Respiratory virus genomic epidemiology during post-pandemic re-emergence of influenza in Australia

Simultaneous genomic sequencing of multiple respiratory pathogens from clinical samples can provide real-time data on viral evolution, co-circulation and co-infection during seasonal epidemics. Influenza is a major global respiratory pathogen, with a mature genomic epidemiology framework, that has yet to be integrated with genomic surveillance of other co-circulating respiratory viruses. Leveraging existing well-integrated community influenza sampling during the first major Australian winter influenza season after the lifting of the COVID-19 pandemic restrictions in 2022, we examined the genomic epidemiology of influenza alongside co-infections of common human respiratory viruses. Using a commercial respiratory viral sequencing method, Respiratory Virus Oligo Panel (RVOP, Illumina), we recovered full-length human influenza A genomes from 75% (117/157) of samples with nucleic acid amplification test-confirmed influenza, as well as 19 genomes of co-infecting viruses from 17 samples, including respiratory syncytial virus (RSV-B), human bocavirus, SARS-CoV-2, human metapneumovirus, and coronaviruses 229E and OC43. The observed incidence of co-infecting viruses was temporally consistent with national epidemic trends (RSV and SARS-CoV-2). In all co-infections, the viral abundance was predominated by one of the infecting viruses, suggesting either consecutive infections, or within-host dynamics favouring the dominance of one of the infecting viruses.
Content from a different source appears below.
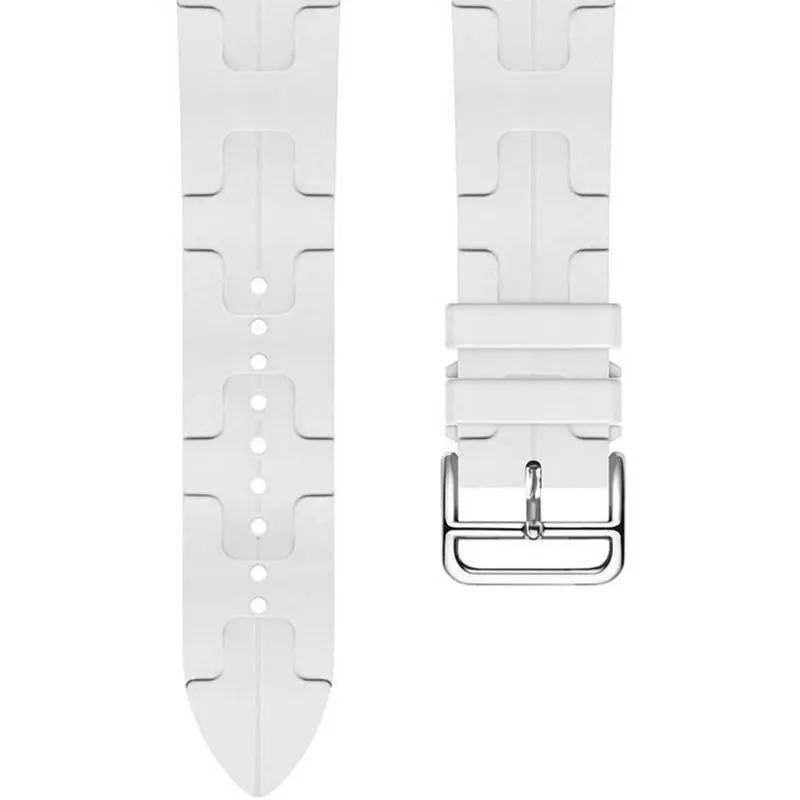 Ремінець Kilim для Apple Watch 38/40/41/42mm White — фото 2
The dominant influenza subtype was A/H3N2, with a persistent minority of A/H1N1 infections, consistent with national surveillance. We contextualise our representative sample set within the global genomic diversity of A/H3N2 and the ongoing evolution of influenza A/H3N2 in the following Northern Hemisphere 2022/2023 winter. In addition to influenza genomic epidemiology, multi-pathogen methodology enables simultaneous detection and characterisation of co-infecting respiratory pathogens, providing insights into the role of viral dynamics during overlapping epidemics.